* WHAT TO WORK ON: Give again, unaltered, the lines of the listing below that run from the line having "Rule number sixteen" through the line having "That concludes my".

* INFORMATION SHOWN:
* * * * * * *
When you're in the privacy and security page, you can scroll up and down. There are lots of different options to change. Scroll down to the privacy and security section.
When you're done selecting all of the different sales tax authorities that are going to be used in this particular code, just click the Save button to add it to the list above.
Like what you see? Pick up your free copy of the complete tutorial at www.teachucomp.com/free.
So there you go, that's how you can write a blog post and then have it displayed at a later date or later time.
* * * * * * *
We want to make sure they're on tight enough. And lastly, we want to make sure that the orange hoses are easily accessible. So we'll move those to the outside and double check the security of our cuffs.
* * * * * * *
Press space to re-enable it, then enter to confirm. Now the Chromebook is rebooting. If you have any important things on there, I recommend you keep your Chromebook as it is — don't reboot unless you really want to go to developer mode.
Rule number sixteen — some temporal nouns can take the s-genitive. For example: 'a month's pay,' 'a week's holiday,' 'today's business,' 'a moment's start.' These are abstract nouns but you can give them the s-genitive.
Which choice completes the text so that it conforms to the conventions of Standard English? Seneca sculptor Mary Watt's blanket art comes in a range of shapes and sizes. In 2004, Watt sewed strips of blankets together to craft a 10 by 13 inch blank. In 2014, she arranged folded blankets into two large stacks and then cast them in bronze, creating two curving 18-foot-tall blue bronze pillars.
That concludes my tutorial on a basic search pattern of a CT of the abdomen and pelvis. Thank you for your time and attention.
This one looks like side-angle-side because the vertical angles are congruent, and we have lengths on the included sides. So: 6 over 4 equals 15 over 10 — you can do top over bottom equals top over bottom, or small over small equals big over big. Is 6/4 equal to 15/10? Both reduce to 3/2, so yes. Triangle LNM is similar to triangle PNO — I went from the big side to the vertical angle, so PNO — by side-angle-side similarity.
* * * * * * *
* SOLVED EXERCISE:
Rule number sixteen — some temporal nouns can take the s-genitive. For example: 'a month's pay,' 'a week's holiday,' 'today's business,' 'a moment's start.' These are abstract nouns but you can give them the s-genitive.
Which choice completes the text so that it conforms to the conventions of Standard English? Seneca sculptor Mary Watt's blanket art comes in a range of shapes and sizes. In 2004, Watt sewed strips of blankets together to craft a 10 by 13 inch blank. In 2014, she arranged folded blankets into two large stacks and then cast them in bronze, creating two curving 18-foot-tall blue bronze pillars.
That concludes my tutorial on a basic search pattern of a CT of the abdomen and pelvis. Thank you for your time and attention.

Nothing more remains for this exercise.